#### Assignment
Reproduce verbatim every line from the one that includes "For Xiaomi 14" to the closing line of the entries; omit everything before it.

#### Record set
..........

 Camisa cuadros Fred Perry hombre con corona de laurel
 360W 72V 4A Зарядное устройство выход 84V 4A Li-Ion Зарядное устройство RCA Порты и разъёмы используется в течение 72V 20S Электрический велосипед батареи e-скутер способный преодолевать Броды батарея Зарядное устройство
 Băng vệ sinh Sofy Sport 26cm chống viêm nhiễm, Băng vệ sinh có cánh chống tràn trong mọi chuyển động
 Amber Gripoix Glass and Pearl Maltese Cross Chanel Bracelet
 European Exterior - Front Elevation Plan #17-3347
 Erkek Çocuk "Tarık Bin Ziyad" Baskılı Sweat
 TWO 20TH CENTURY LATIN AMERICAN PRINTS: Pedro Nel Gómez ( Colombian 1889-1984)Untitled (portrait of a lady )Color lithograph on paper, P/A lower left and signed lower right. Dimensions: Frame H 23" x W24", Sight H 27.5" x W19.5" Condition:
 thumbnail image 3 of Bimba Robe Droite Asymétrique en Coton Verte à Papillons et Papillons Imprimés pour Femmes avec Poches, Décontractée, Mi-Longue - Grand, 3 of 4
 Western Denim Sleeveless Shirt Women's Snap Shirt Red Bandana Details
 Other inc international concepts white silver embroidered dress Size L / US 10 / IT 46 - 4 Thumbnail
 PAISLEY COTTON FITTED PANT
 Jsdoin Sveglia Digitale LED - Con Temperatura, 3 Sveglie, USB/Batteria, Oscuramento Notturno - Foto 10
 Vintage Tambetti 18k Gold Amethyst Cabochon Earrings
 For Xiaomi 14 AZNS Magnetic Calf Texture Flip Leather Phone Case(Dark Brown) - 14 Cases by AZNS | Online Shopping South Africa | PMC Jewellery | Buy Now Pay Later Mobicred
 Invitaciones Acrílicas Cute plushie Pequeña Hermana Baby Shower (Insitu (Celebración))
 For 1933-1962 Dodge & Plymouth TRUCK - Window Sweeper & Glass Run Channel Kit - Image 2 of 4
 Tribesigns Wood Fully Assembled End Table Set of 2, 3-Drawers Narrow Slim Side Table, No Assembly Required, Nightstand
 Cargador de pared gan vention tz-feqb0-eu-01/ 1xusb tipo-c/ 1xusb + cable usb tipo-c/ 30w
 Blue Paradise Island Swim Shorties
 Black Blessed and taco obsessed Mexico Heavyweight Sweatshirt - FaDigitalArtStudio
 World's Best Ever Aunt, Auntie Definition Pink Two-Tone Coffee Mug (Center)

..........

#### Result
 For Xiaomi 14 AZNS Magnetic Calf Texture Flip Leather Phone Case(Dark Brown) - 14 Cases by AZNS | Online Shopping South Africa | PMC Jewellery | Buy Now Pay Later Mobicred
 Invitaciones Acrílicas Cute plushie Pequeña Hermana Baby Shower (Insitu (Celebración))
 For 1933-1962 Dodge & Plymouth TRUCK - Window Sweeper & Glass Run Channel Kit - Image 2 of 4
 Tribesigns Wood Fully Assembled End Table Set of 2, 3-Drawers Narrow Slim Side Table, No Assembly Required, Nightstand
 Cargador de pared gan vention tz-feqb0-eu-01/ 1xusb tipo-c/ 1xusb + cable usb tipo-c/ 30w
 Blue Paradise Island Swim Shorties
 Black Blessed and taco obsessed Mexico Heavyweight Sweatshirt - FaDigitalArtStudio
 World's Best Ever Aunt, Auntie Definition Pink Two-Tone Coffee Mug (Center)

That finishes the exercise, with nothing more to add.